Abstract
Recognition and Tracking of Human Motion. Talk given at the Math & Computer Science Department, University of Athens, Greece, May 27, 2003.
Full-color handouts (512K) - Black and white handouts (suitable for printing) (610K)
Recognition of human motion, such as gesturing or facial expressions, faces many interesting challenges. In particular, the computational complexity of the task is a big problem and raises two fundamental questions: 1. How do we model and process the potentially infinite number of movements that a human can perform? 2. How do we account for the many movements that humans can perform simultaneously, such as gesturing with both hands at once, without getting bogged down in a combinatorial explosion of simultaneous events?

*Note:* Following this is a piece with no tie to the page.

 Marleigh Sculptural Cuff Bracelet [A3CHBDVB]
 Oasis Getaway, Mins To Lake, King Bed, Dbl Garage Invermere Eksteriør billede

In this talk I present American Sign Language recognition as a case study to explore possible answers to these two questions. By breaking down the signs into their constituent part - phonemes -, it is possible to build up a virtually infinite number of signs from a small number of basic building blocks. By breaking up simultaneous events into channels that are stochastically independent from one another, it is possible to decouple them from one another, and to avoid having to model each possible combination a priori. I introduce parallel hidden Markov models (HMMs) as an extension to classical HMMs to perform the actual recognition of simultaneous events.
Many motion recognition frameworks assume that they have 3D data from the human body available. Yet, tracking the motion over a sequence of 2D images and extracting 3D information from them is a very difficult problem in its own right. To this end, I briefly discuss recent advances in tracking the human head and face with 3D deformable models, based on a novel statistical integration technique.
This talk draws on joint work with Siome Goldenstein and Dimitris Metaxas.